The reason of putting this graph in the conclusion, there is an interesting pattern to observe here, Everytime there has been drop in World's Carbon emission, the world economy crashed. A one classic example is 2008 recession. I think most of you must have already guessed what's ahead, probably COVID-19 is just a big wave with a Tsunami of Recession or Depression following it.

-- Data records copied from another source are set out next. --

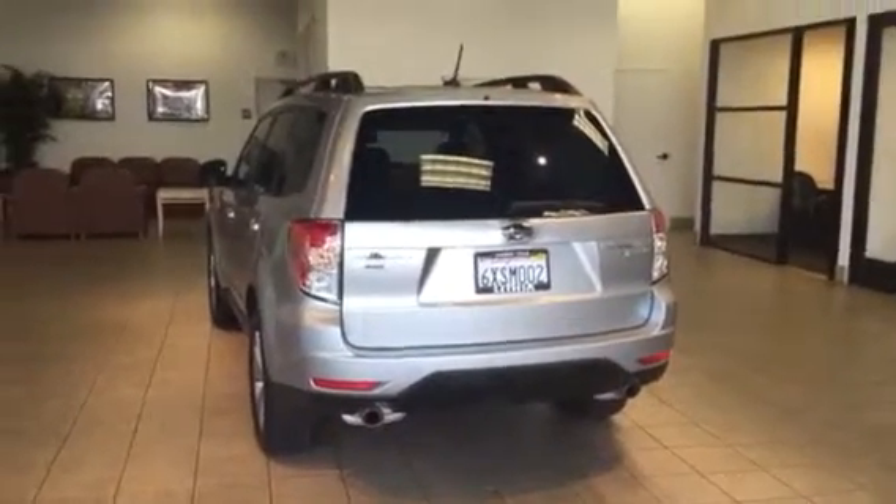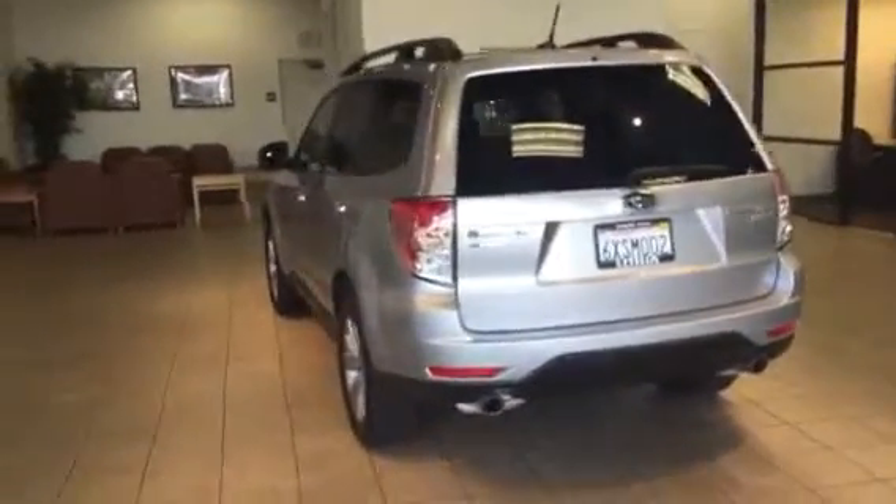Hi Jessica, this is Ed Monson here in the Mitsubishi building internet photo studio. This is a certified pre-owned Subaru Forester. I think it might be the same year as yours — oh no, this is a 2012. It looks like it's got 60,000 miles on it and it's got leather, so that may be a no-go for you.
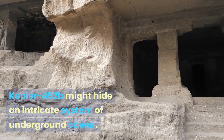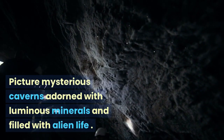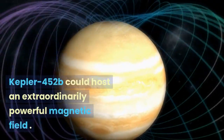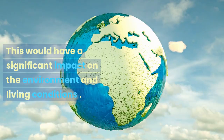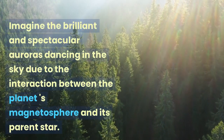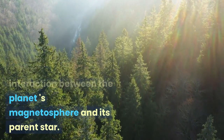Kepler-452b might hide an intricate system of underground caves — picture mysterious caverns adorned with luminous minerals and filled with alien life. The planet could also host an extraordinarily powerful magnetic field, which would have a significant impact on the environment and living conditions. Imagine brilliant and spectacular auroras dancing in the sky due to the interaction between the planet's magnetosphere and its parent star.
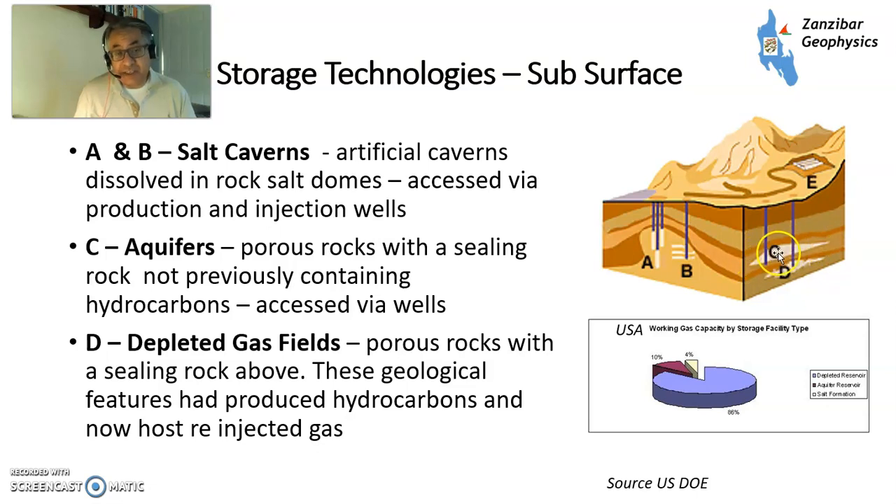Aquifers are the same thing, except they never had gas there in the first place, so there's some subsurface risk with that. Salt caverns are slightly smaller. You've got basically domes of rock salt in the subsurface — you then excavate a cavern through solution by pumping in water, and that's accessed by a production well and a withdrawal well. Salt caverns tend to be a lot quicker to install than depleted gas fields or aquifer storage. Salt caverns can take a year to 18 months; depleted fields can take multiple years — you need a long-term plan.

The growth of Confirmed and Death Cases seems to have slowed down since past few days. Which is really good sign. Hope this goes like that for a brief period. There should not be any new country emerging as the new epicenter of COVID-19 just like USA happened to be that epicenter for brief period. In case if any new country emerges as new epicenter, the Growth of Confirmed Cases will shoot up again.